Clause de territorialité
Au-delà de l'affichage politique derrière la création de chacun de ces fonds souverains, il y a une véritable prise de conscience des besoins en fonds propres du monde économique. C'est pour les régions le meilleur moyen de combattre la désindustrialisation, d'aider les PME à croître, de les transformer en entreprise de taille intermédiaire (ETI), sur le modèle allemand et de son puissant Mittelstand. "Les régions ont la compétence du développement économique, ce qui suppose la croissance des entreprises de leur territoire. L'accès au financement est clairement du développement territorial, c'est un moyen de renforcer leur ancrage et de créer de l'emploi localement", explique encore Erwan Salmon.

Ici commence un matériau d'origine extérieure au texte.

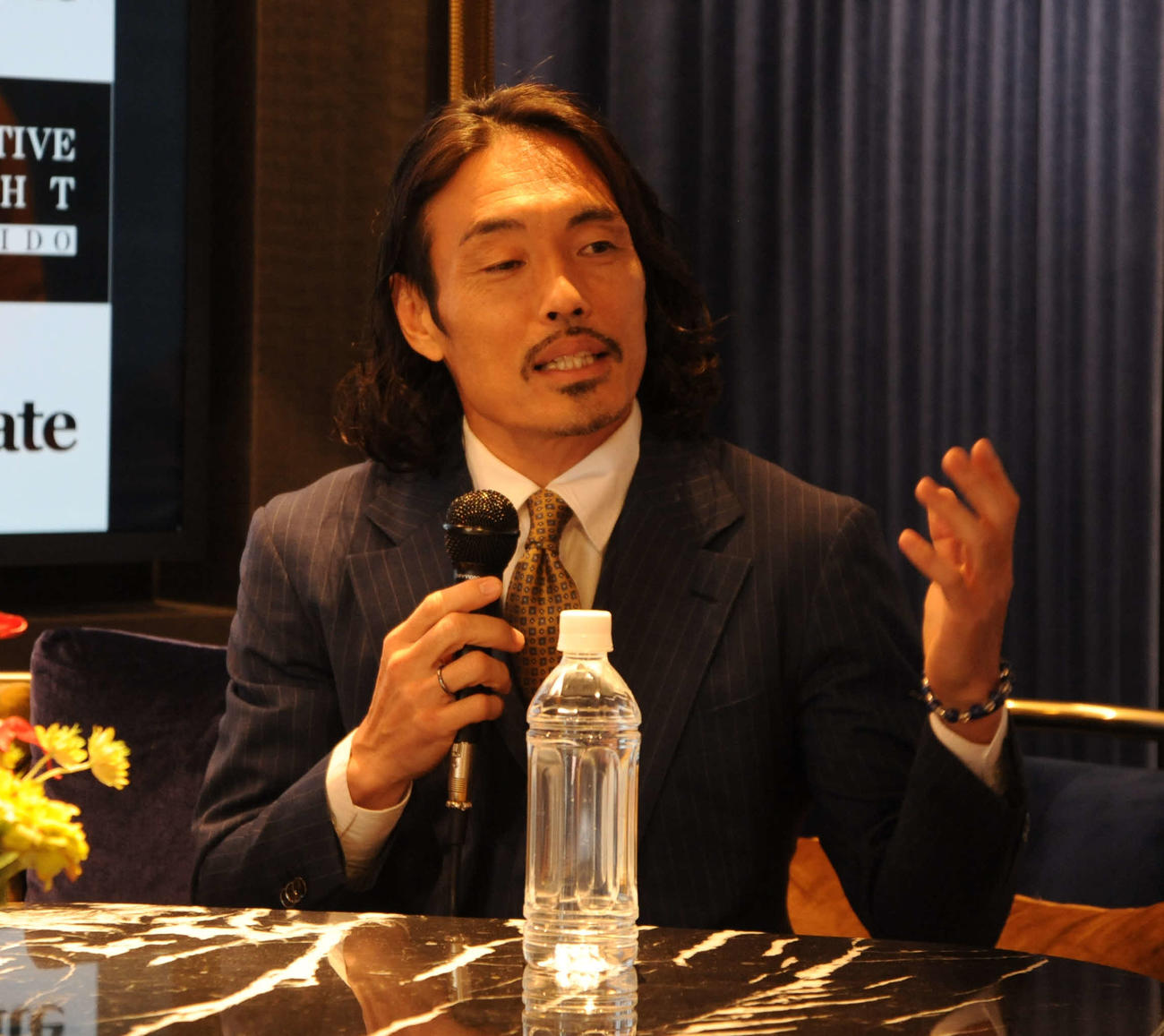 元年俸120円Jリーガーで、格闘家の安彦考真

L'ARF regarde avec attention ce qui se fait Outre-Rhin. Là, les PME se financent auprès des associations régionales des caisses d'épargne dans lesquelles les Lander ont des participations. Les Lander peuvent alors faire valoir une "clause d'action territoriale" imposant aux entreprises d'agir dans la région. En France, le contrat est avant tout moral. "S'il s'avère que l'entreprise est stratégique, on investit dans son développement territorial, cela ne veut pas dire qu'on ne va pas la soutenir dans son internationalisation, sa croissance externe, mais il faut favoriser le maintien des centres de décisions au niveau régional. Il faut reprendre le pouvoir sur le financier", explique Denis Balmont.
Régime "pari passu"
La Commission est très regardante sur la création de ces fonds qui doit être notifiée systématiquement. Les investissements ne doivent pas être des subventions déguisés. Le régime le plus sûr est celui dit de "pari passu". Le fonds comprend 49,9% d'investissements publics et 50,1% d'investissements privés. Une sécurité pour la comptabilité des entreprises au regard du régime des aides d'Etat. "Les entreprises ne sont absolument pas informées, or s'il y a le moindre problème, ce sont elles qui en font les frais. Il faut vraiment alerter les entreprises de ces risques car ce sont les seules à avoir la pleine connaissance des cumuls, par ailleurs les régions doivent impérativement s'entourer de juristes", explique-t-on à CDC Entreprises.
Les régions attendent aujourd'hui beaucoup du fonds national d'amorçage, destiné aux jeunes entreprises innovantes. Doté de 400 millions d'euros gérés par CDC Entreprises, dans le cadre des investissements d'avenir, il ne financera pas directement les entreprises mais investira dans une quinzaine de fonds, avec un volet consacré aux fonds régionaux. Le but est d'accompagner les entreprises à forte composante technologique sur de gros montants et pendant au moins une dizaine d'années, dans les secteurs de la santé, des biotechnologies, des TIC, des nanotechnologies ou encore des écotechnologies. D'ores et déjà, Midi-Pyrénées et Aquitaine ont présenté un projet commun. Le premier fonds devrait voir le jour avant la fin de l'année.